A Flexible and Energy-Efficient Interconnect

The basic building block for NVLink is a high-speed, 8-lane, differential, dual simplex bidirectional link. Our Pascal GPUs will support a number of these links, providing configuration flexibility. The links can be ganged together to form a single GPU↔CPU connection or used individually to create a network of GPU↔CPU and GPU↔GPU connections allowing for fast, efficient data sharing between the compute elements.

When connected to a CPU that does not support NVLink, the interconnect can be wholly devoted to peer GPU-to-GPU connections enabling previously unavailable opportunities for GPU clustering.

Moving data takes energy, which is why we are focusing on making NVLink a very energy efficient interconnect. NVLink is more than twice as efficient as a PCIe 3.0 connection, balancing connectivity and energy efficiency.

Understanding the value of the current ecosystem, in an NVLink-enabled system, CPU-initiated transactions such as control and configuration are still directed over a PCIe connection, while any GPU-initiated transactions use NVLink. This allows us to preserve the PCIe programming model while presenting a huge upside in connection bandwidth.

The NVIDIA Pascal GPU will be a major update as it will probably turn out to be the first family of GPUs to utilize from HBM2 and the latest 16nm FinFET process. Next year, AMD plans to launch their Arctic Islands family too with an insane transistor count that's rumored around 17-18 billion utilizing the same HBM2 memory and new process node. The NVIDIA Pascal GPU will be featured inside top of the line servers and workstation while Volta, the GPU after it will be featured inside two next generation super computers codenamed Sierra and Summit, reaching over 300 Peta Flops of compute performance.
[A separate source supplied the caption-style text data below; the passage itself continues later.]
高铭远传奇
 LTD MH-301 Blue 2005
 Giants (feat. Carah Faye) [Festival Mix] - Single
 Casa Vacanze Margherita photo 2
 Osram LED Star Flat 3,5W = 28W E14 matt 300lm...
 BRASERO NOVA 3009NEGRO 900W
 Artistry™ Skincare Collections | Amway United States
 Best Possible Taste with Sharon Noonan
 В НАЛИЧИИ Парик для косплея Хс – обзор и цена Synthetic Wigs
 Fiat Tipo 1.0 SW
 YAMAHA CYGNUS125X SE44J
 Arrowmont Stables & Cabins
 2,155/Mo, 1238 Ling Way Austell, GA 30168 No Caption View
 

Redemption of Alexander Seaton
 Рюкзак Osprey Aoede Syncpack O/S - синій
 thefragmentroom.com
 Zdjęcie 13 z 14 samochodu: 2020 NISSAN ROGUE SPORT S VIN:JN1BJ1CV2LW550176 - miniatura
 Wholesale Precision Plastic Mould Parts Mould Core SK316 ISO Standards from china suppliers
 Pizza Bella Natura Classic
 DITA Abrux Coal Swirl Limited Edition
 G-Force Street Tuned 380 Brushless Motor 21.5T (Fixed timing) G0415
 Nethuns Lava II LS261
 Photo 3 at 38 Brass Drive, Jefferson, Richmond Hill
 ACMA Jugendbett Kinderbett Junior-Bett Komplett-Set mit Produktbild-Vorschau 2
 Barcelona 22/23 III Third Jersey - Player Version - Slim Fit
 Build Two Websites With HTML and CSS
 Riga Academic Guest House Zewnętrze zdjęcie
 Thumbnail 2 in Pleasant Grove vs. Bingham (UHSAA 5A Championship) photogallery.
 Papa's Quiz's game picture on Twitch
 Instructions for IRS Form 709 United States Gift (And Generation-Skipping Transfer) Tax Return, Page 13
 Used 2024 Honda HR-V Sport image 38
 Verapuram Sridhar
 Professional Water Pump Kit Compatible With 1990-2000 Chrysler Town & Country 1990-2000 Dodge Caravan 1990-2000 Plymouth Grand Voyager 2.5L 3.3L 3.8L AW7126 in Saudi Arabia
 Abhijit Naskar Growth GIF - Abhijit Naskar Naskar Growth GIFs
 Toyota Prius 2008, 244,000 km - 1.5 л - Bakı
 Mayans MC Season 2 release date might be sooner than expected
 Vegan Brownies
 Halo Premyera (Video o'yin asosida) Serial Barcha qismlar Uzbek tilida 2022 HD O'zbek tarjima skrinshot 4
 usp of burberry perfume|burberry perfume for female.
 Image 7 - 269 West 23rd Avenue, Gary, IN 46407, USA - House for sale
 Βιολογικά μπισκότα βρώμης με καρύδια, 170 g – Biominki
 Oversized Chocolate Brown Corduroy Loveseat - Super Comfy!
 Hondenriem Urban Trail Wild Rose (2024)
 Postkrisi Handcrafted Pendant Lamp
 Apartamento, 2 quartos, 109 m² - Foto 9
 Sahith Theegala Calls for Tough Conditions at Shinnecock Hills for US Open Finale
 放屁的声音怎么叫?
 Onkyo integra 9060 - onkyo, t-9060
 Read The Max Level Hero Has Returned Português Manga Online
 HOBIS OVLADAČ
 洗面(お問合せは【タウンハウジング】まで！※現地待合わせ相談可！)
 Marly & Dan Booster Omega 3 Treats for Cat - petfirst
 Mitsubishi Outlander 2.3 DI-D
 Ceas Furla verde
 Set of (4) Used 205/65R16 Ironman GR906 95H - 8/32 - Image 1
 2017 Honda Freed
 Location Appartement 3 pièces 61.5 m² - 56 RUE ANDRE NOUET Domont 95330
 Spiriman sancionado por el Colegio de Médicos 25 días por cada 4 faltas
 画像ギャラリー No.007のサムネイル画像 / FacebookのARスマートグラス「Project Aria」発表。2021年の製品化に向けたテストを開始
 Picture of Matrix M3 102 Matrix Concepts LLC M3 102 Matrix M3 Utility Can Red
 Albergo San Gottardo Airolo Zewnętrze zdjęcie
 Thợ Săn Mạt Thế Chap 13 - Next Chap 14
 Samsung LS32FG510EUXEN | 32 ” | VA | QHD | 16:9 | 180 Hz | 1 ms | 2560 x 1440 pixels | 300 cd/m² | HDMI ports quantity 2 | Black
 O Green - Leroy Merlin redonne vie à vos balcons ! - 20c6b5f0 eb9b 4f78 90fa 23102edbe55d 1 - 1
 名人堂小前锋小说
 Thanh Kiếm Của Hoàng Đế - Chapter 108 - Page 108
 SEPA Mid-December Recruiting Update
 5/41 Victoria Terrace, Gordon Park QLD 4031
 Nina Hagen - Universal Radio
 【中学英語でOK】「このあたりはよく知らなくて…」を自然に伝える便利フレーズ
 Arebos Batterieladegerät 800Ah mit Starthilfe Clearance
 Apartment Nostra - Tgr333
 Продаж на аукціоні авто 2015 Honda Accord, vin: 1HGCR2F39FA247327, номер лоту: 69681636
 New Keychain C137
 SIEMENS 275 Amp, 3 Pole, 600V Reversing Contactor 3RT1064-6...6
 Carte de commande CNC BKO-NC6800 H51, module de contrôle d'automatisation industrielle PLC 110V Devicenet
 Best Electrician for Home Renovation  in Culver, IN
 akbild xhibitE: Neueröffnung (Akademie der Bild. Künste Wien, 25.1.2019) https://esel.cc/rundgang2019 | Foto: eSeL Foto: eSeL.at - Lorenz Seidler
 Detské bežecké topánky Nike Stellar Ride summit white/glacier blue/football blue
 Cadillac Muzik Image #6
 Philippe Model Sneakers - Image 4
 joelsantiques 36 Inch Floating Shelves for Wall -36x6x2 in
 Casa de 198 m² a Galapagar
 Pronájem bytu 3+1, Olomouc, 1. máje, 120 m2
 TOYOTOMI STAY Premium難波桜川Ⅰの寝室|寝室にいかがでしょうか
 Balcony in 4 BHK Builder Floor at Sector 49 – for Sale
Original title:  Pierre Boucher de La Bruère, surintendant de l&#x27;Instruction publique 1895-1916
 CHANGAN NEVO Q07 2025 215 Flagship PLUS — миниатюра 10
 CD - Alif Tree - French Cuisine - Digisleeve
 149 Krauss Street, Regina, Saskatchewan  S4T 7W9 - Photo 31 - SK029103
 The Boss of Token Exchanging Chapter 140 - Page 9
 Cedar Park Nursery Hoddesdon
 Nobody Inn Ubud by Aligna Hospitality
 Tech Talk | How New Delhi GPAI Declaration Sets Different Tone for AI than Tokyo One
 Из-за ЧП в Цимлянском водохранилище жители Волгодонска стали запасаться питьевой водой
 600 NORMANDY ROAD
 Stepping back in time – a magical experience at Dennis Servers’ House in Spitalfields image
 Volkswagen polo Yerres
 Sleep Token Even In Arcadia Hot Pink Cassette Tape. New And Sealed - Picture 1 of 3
If you thought the Radeon R9 Fury X and the GeForce GTX 980 Ti were beastly cards, than you should be prepared to see the monstrous amount of performance that next generation GPUs are going to offer.

NVIDIA Pascal GPU Prototype Board:

GPU Family	AMD Vega	AMD Navi	NVIDIA Pascal	NVIDIA Volta
Flagship GPU	Vega 10	Navi 10	NVIDIA GP100	NVIDIA GV100
GPU Process	14nm FinFET	7nm FinFET	TSMC 16nm FinFET	TSMC 12nm FinFET
GPU Transistors	15-18 Billion	TBC	15.3 Billion	21.1 Billion
GPU Cores (Max)	4096 SPs	TBC	3840 CUDA Cores	5376 CUDA Cores
Peak FP32 Compute	13.0 TFLOPs	TBC	12.0 TFLOPs	>15.0 TFLOPs (Full Die)
Peak FP16 Compute	25.0 TFLOPs	TBC	24.0 TFLOPs	120 Tensor TFLOPs
VRAM	16 GB HBM2	TBC	16 GB HBM2	16 GB HBM2
Memory (Consumer Cards)	HBM2	HBM3	GDDR5X	GDDR6
Memory (Dual-Chip Professional/ HPC)	HBM2	HBM3	HBM2	HBM2
HBM2 Bandwidth	484 GB/s (Frontier Edition)	>1 TB/s?	732 GB/s (Peak)	900 GB/s
Graphics Architecture	Next Compute Unit (Vega)	Next Compute Unit (Navi)	5th Gen Pascal CUDA	6th Gen Volta CUDA
Successor of (GPU)	Radeon RX 500 Series	Radeon RX 600 Series	GM200 (Maxwell)	GP100 (Pascal)
Launch	2017	2019	2016	2017

About the author: A Software Engineer by training and a PC enthusiast by passion, Hassan Mujtaba serves as Wccftech's Senior Editor for hardware section. With years of experience in the industry, he specializes in deep-dive technical analysis of next-generation CPU and GPU architectures, motherboards, and cooling solutions. His work involves not only breaking news on upcoming technologies but also extensive hands-on reviews and benchmarking.

Follow Wccftech on Google to get more of our news coverage in your feeds.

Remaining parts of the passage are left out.